The impact of postdialysis serum potassium in patients with MHD is also of concern. Japanese data from the DOPPS study (16) was used to analyze the association between postdialysis hypokalemia and all-cause mortality in 3,967 dialysis patients. MHD patients with postdialysis serum potassium less than 3.0 mmol/L had a higher risk of all-cause mortality compared to those with predialysis serum potassium 3.0–3.5 mmol/L, especially if the predialysis serum potassium was less than 4.5 mmol/L. This suggests that postdialysis hypokalemia management is also particularly important. Our study shows that 78.22% of patients achieved postdialysis serum potassium levels in the ideal range of 3–4 mmol/L, and a KD 2.0 mmol/L dialysate was also suitable for this proportion of patients. Similar to predialysis potassium levels, the proportion of postdialysis hyperkalemia was higher in patients younger than 40 years, whereas the proportion of postdialysis hypokalemia was higher in patients older than 80 years. The proportion of patients with postdialysis serum potassium levels less than 3 mmol/L was significantly higher in the other disease groups than in the diabetic nephropathy and chronic nephritis groups. Therefore, the risk of postdialysis hypokalemia is present in more than 20% of patients, especially in older adults and those with partial primary disease.

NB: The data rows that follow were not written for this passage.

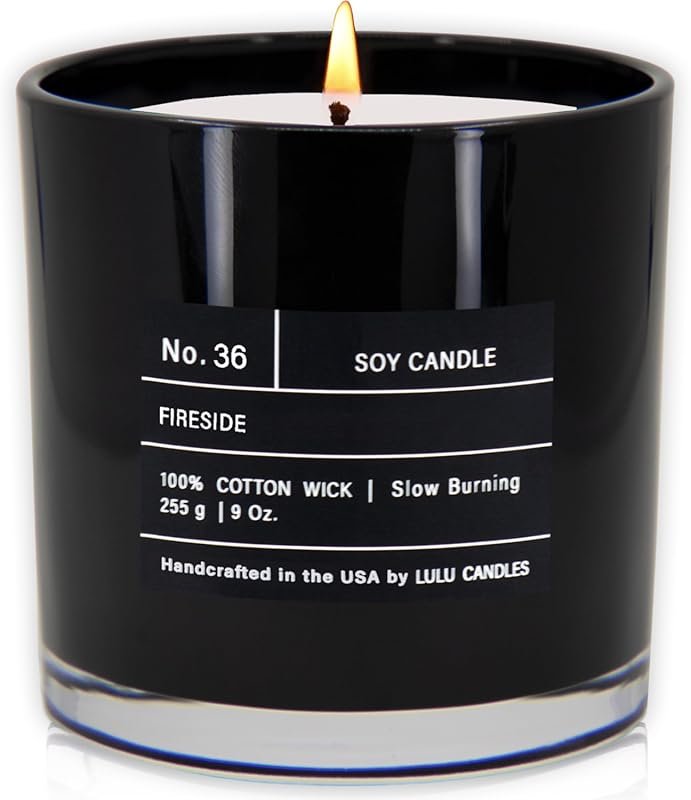 Lulu Candles Fireside Bonfire Scent, Hand Poured USA, Highly Scented L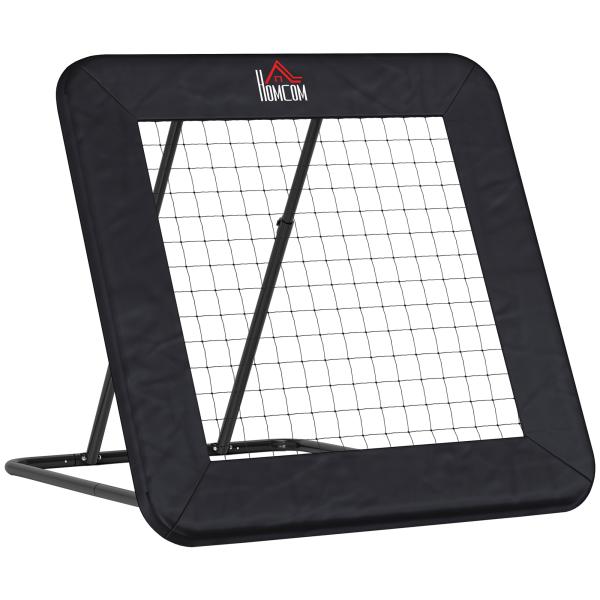 Rede de Rebote Dobrável com 4 Ângulos Ajustáveis para Treinamento de Futebol Beisebol 128x118x108 - 120cm Preto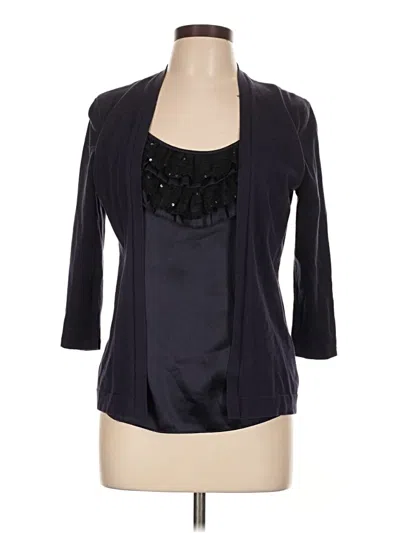 Pre-owned August Silk 3/4 Sleeve Top Black Sweetheart Neckline Tops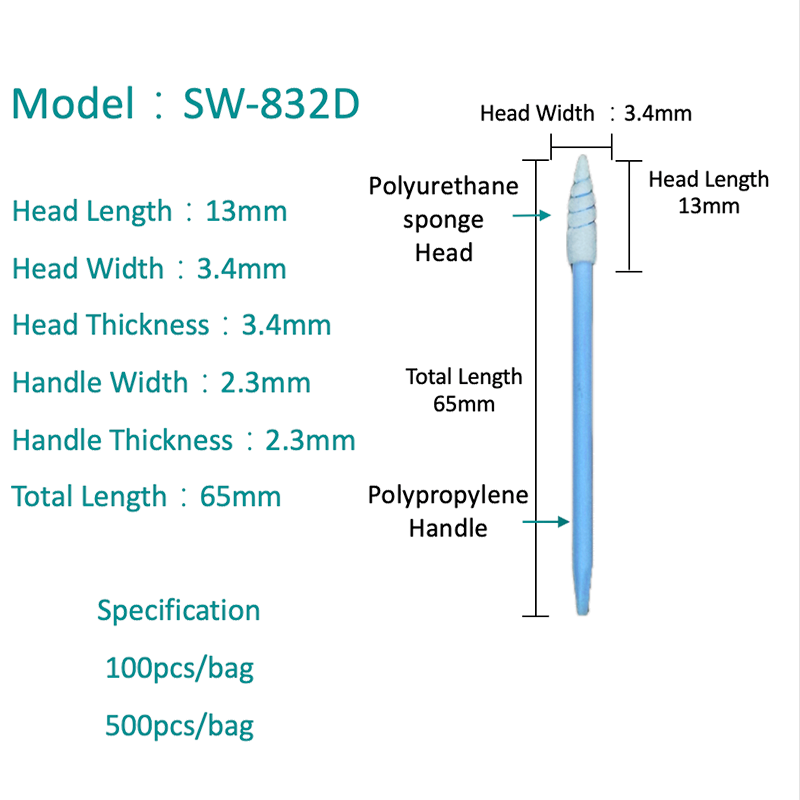 SW-832D SwaB de esponja de sala limpia de punta multifuncional
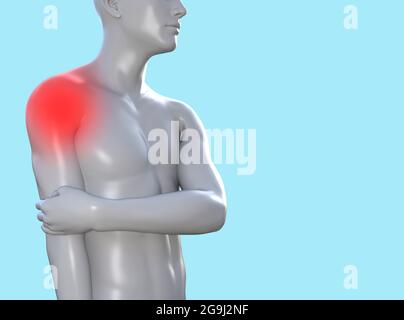 illustration de rendu 3d de la figure masculine avec zone rouge d'articulation d'épaule enflammé sur fond bleu, concept clinique de traumatologie. Banque D'Images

The biggest contributing factor to serum potassium levels in hemodialysis patients is the potassium concentration of the dialysate. Karaboyas et al. (25) compared KD 2.0 mmol/L with KD 3.0 mmol/L and found no significant differences in the effect of predialysis serum potassium concentrations. Agar et al. (17) dialyzed with 4 potassium concentrations, i.e., 0, 1, 2 and 3 mmol/L dialysate, and the serum potassium value before and after dialysis was positively correlated with the dialysate potassium concentration. Dolson et al. (26) used 3 dialysate potassium concentrations of 1, 2, and 3 mmol/L, and all 3 dialysate potassium concentrations decreased the postdialysis serum potassium level, whereby the dialysis serum potassium level gradually increased with the increase of dialysate potassium concentration, but there was no significant difference in the next predialysis serum potassium concentration. Our study showed that the use of a KD 2.0 mmol/L dialysate reduced predialysis serum potassium 1.29 mmol/L on average.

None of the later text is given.